Around 60 people attended a meeting Nov. 1 to discuss the future of the French school in Cape St. George, a small town located on the tip of the Port au Port peninsula.

Newfoundland and Labrador’s French school board is considering how to best deal with costly repairs at the francophone school in Cape St. George, and one of the options is a move to the English school across the street.

There is a lack of space at Notre-Dame-du-Cap — which has 37 students from kindergarten to grade 8 — and the floor of the gymnasium needs to be repaired.  

The addition of a portable classroom, which the school has requested, and repairs to the gym are expected to cost over $500,000.  

So, the board brought forward an option which had been discussed in the past — moving the students to the English school, Our Lady of the Cape, which is directly across the street.  

Our Lady of the Cape School

Our Lady of the Cape school has 52 students from kindergarten to grade 8. (Facebook)
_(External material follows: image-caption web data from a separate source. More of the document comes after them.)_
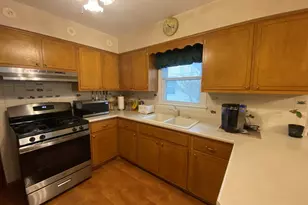 2050 Atwood Ave, Berkeley, IL 60163 - Photo 5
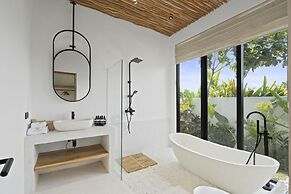 Marbella Villa by Betterplace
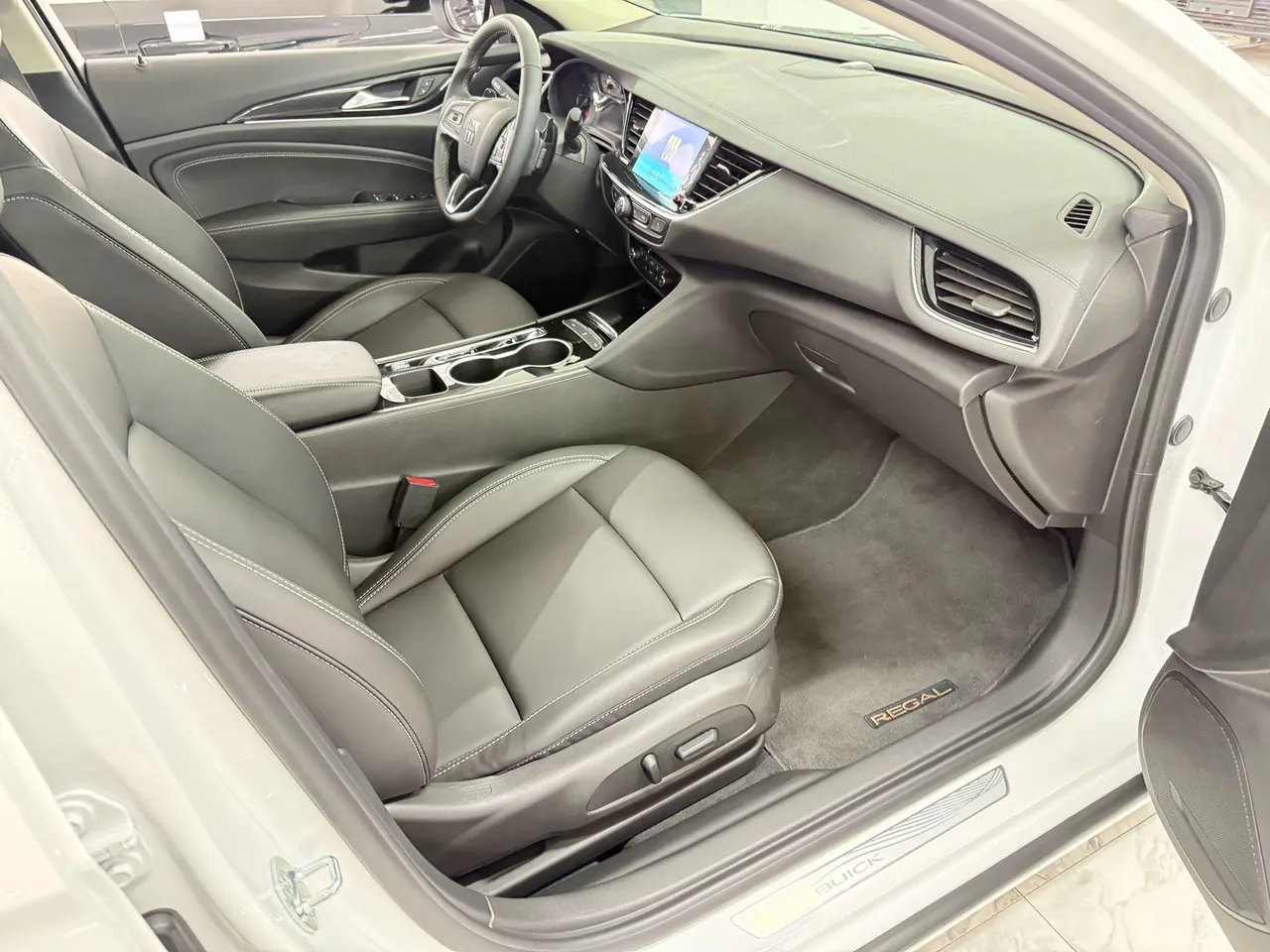 Buick 2024 Regal 1.5T 25T Super Edition Automatic Gear 2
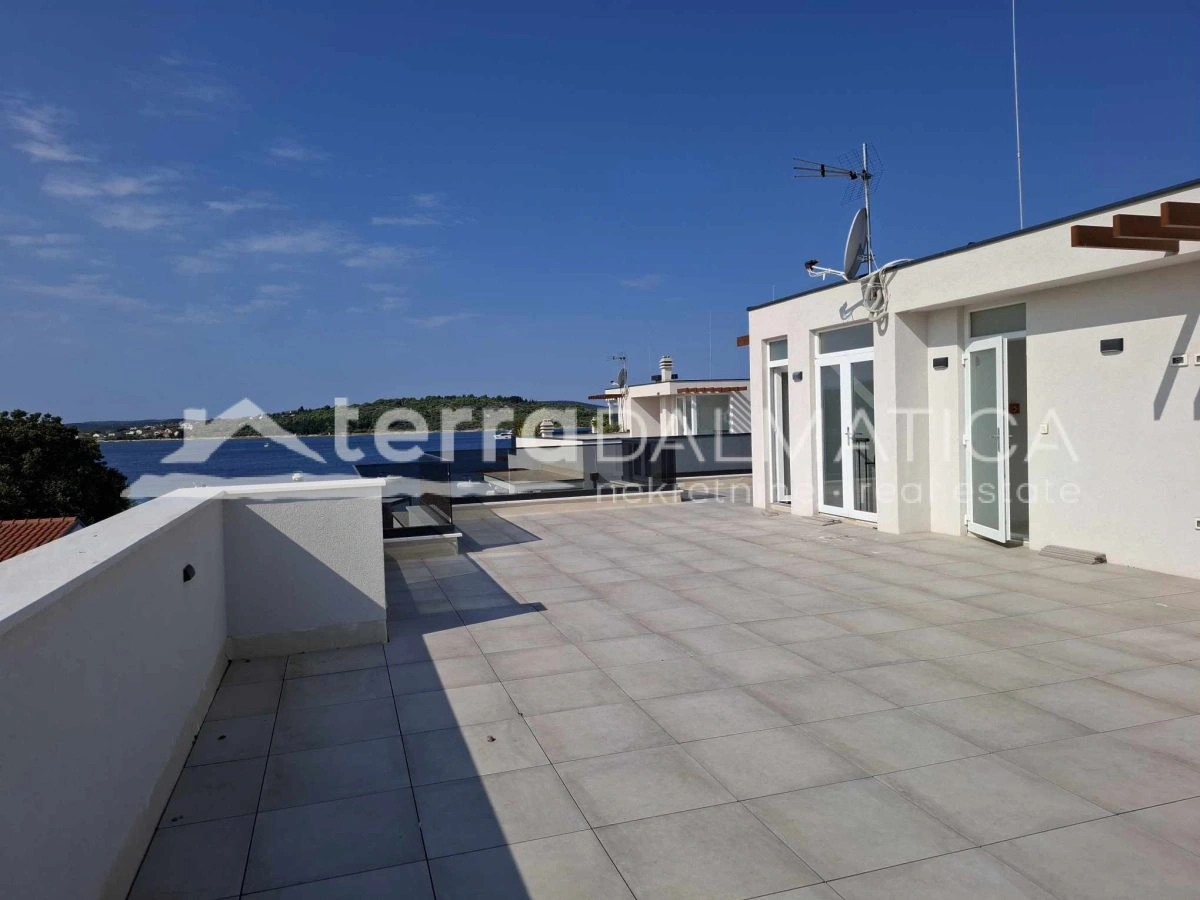 Luxuswohnung im 2. Stock mit geräumiger Dachterrasse - Srima bei Vodice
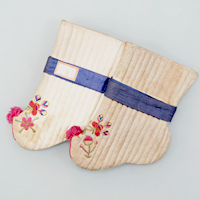 Image of "Tarae Beoseon (Child's socks), Korea, Joseon dynasty, 19th century (Gift of Mr. Tanaka Yoshio)"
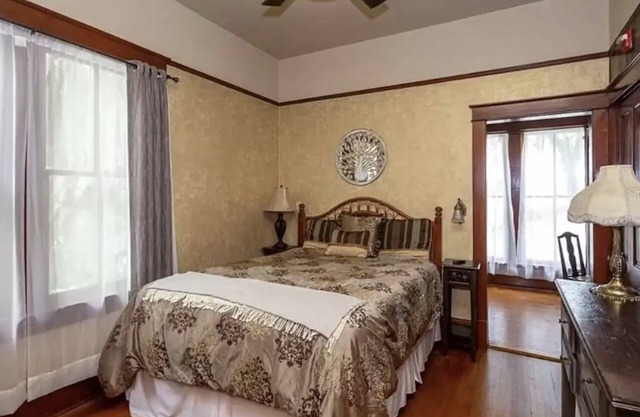 Peacock Room in Central Florida's Historic Gem & wedding venue- The Oakland Manor House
“It’s not an option that has been agreed upon, it’s just an idea,” said Kim Christianson, director of education with the Conseil scolaire francophone provincial de Terre-Neuve-et-Labrador.

The board met with the school council, staff and parents of both schools on Nov. 1, and Christianson said there was a mix of emotions and suggestions about how the board should proceed.  
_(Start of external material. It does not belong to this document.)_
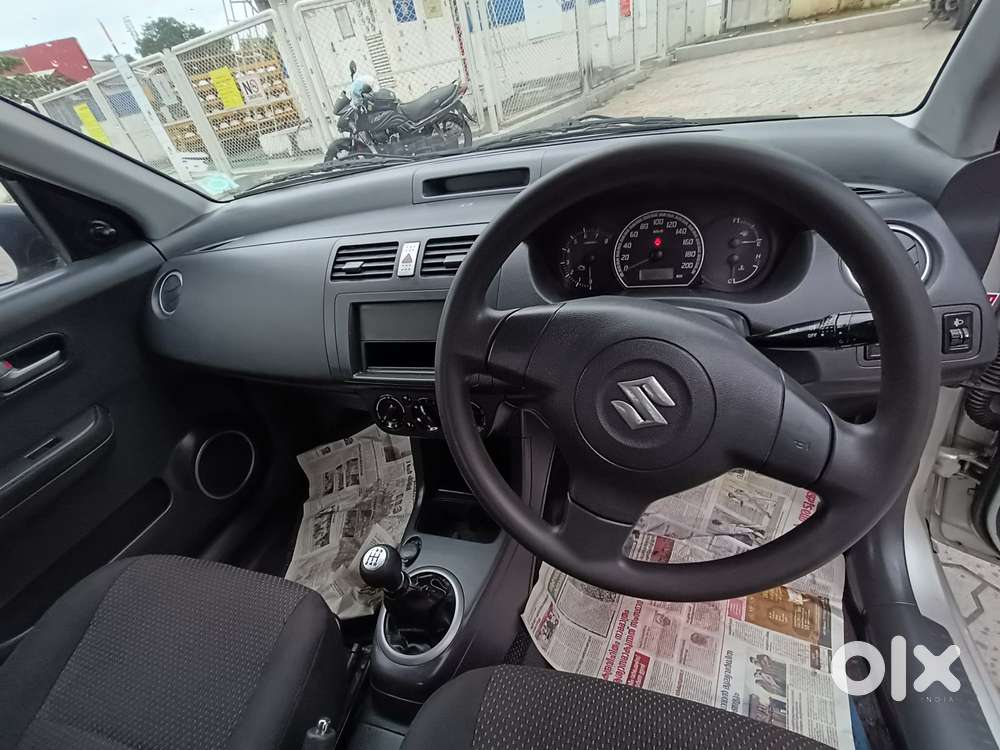 Maruti Suzuki Swift Vxi Abs Bsiv, 2006, Petrol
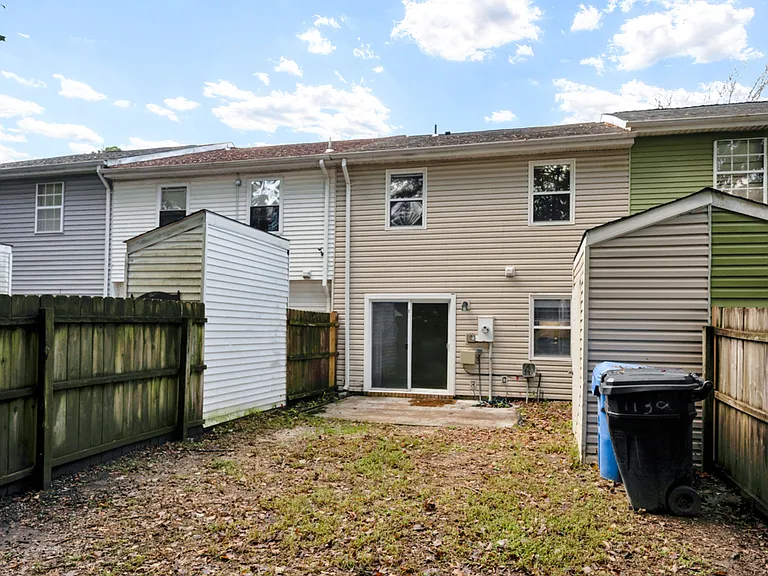 1132 Clear Springs Rd — Photo 27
Don’t want to lose identity

Christianson said while it would be cheaper to operate one building, there are concerns about how a move would impact students. 

“Not everybody speaks French, so when the children or staff meet with anglophone students or staff, the conversation starts in English … so that is the biggest concern I believe,” she told CBC Radio’s West Coast Morning.

Other suggestions at the Nov. 1 meeting ranged from sharing the gymnasium only at Our Lady of the Cape to trying to get financing for a brand new French school. 

There will be another meeting of the French board on Nov. 18 to discuss the possibilities, and Christianson said if combining schools is the preferred option, it could happen in time for the start of classes in Sept. 2018.